Column: We need a whole new type of Budget for Ireland. Here’s how to do it.

It is ridiculous to plan an incredibly complex €50 billion budget in less than six months – but there is an alternative, writes Aaron McKenna.

Aaron McKenna

IT’S ONLY LATE June and already the fratricidal warfare that is the Irish budgeting process has begun. It will be December before we have the budget for 2013, but the arguing, briefing and back biting will only intensify over the silly season that is the summer break.

All this week we’ve been hearing back and forth about the Croke Park Agreement, income taxes and stealth measures to come. We can be sure as night follows day that social welfare, education, health and a million and one special little projects will come under the glare of attention in the coming weeks and months.

Our government is constrained by ridiculous election promises that led everyone with half a vote to be promised protection from austerity. Labour won’t cut spending and Fine Gael won’t raise taxes, yet we’ll still bridge the €20 billion a year gap no problem. We know what size of an envelope we have to fit our budget into, but the horse trading continues right up to budget day and, in the case of the SNAFU’s like cuts to disabled children that make it through, onto Joe Duffy.

Six months of political argument may seem like an interminably long time to listen to our ruling classes showing themselves up as halfwits, but I would argue that it is actually more ridiculous to plan a €50 billion budget, in all its thousands of complex individual parts, in six months or less (counting for last minute wrangling).

The budgeting process is a long and complex one, building up from individual organisations and programs to departmental budgets and woven into macroeconomic mathematics. The government eats up half the oxygen in the economy to add to the importance of the process.
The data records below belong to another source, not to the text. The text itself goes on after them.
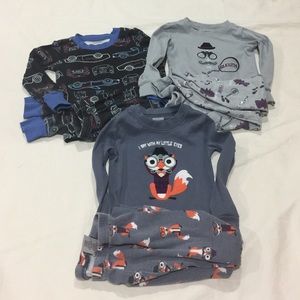 3 Gymboree pajama sets!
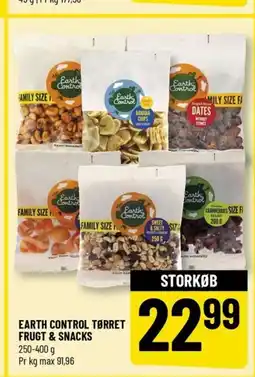 Løvbjerg EARTH CONTROL TØRRET FRUGT & SNACKS tilbud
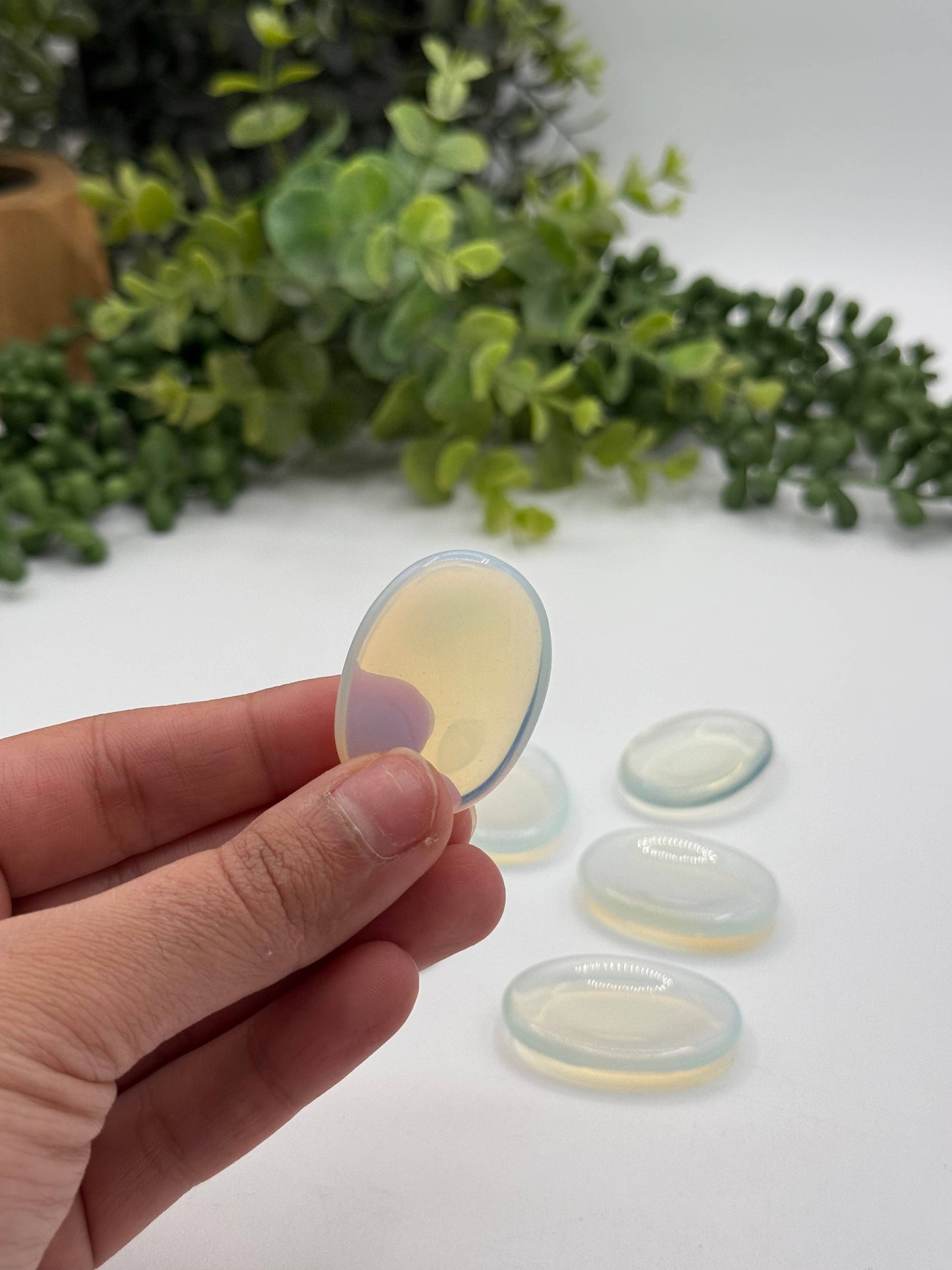 Opalite Worry Stones 40x30x8mm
It is not, in short summary, something that should be handled like a day at the Smithfield horse fair.

One can only feel sorry then for the professional managers trying to build forecasts, organisational development and ultimately define goals for the money they spend; only to have some politician who has hardly had a real job in their life beyond minding their constituency get onto the Six One news and upend the apple cart in public after the private wrangling didn’t lead to a result they were satisfied with.

Projects and initiatives that have real value when run over several years can end up being cut out because numbers had to be made up to preserve whatever other program happens to be flavour of the month. There is no holistic approach in the sharp elbows school of management.
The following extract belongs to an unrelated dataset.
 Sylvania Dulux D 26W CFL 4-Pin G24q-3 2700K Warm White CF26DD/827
The uncertainty over the annual Budget doesn’t help anyone

It must be difficult too to live in a world of political fictions while trying to define very mathematical models that make up a budget. The HSE is predicting (almost predictably) a €500 million overspend this year. Part of this is because the same high quality individuals who couldn’t run the organisation well last year and the year before are still running it today, and dropping the ball on projects like a €150m drug price reduction scheme. But a bigger part of their overspend will come because, just like last year and the year before, the service plans presented to hospitals are a convenient fiction to fit a political narrative. When too many sick people show up looking for medical care, the fiction – and the budget – is blown.

Public service management aren’t the only people suffering uncertainty around budget time. The government keeps assuring us that there will be no tax increases levied on people in the next budget. The IMF in its reviews keeps on suggesting quite strongly that we will need more taxes on income. One doesn’t need to wonder for long who will win the argument in the end. The back and forth from the government for months on end has people wound up about what they have in their pockets that we can spend. Similarly there is no clarity on what new taxes we can expect on our homes, our water, or anything else.
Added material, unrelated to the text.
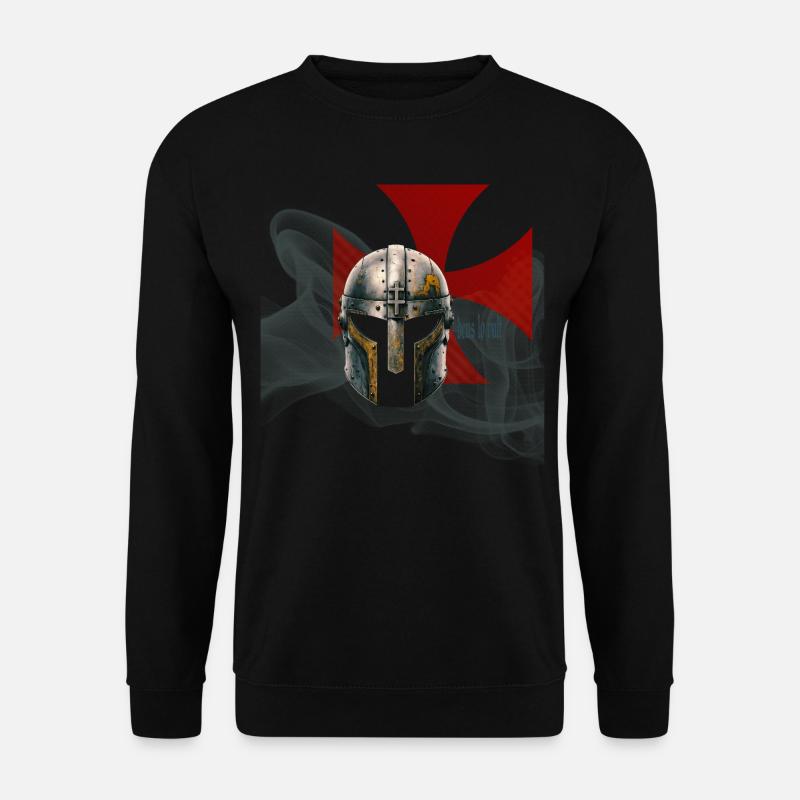Medieval Templar helmet - Unisex Sweatshirt - black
This feeds from consumers into businesses that are suffering today as retail sales continue to fall, and that will suffer tomorrow as entrepreneurs cannot reliably predict what the business environment will be in 6, 12 or 24 months.

How things could be different

What we need is a detailed multi-year budget that our government commits to at the beginning of its term. Not a high level document explaining what we expect the total tax and spend to be, but a line by line explanation of how much will be spent on this quango and that school, and how much we will be taxed for what.

This is a pretty complex undertaking. Not only do you have to budget for multiple years, taking account for demographic and economic conditions, but you would have to present several scenarios for different growth conditions within the country.

This would be complex and require a new and enlarged budgeting infrastructure within our government. I would view this as an improvement from the existing, slightly ad-hoc approach we have. It would force the government to think through its plans at a high level, asking not what programs we will save today but where we want to be in five years time. If we say “Top five in IT education in the world,” it’s easier to work backwards and harder to chop our IT universities in half to make up the numbers one year.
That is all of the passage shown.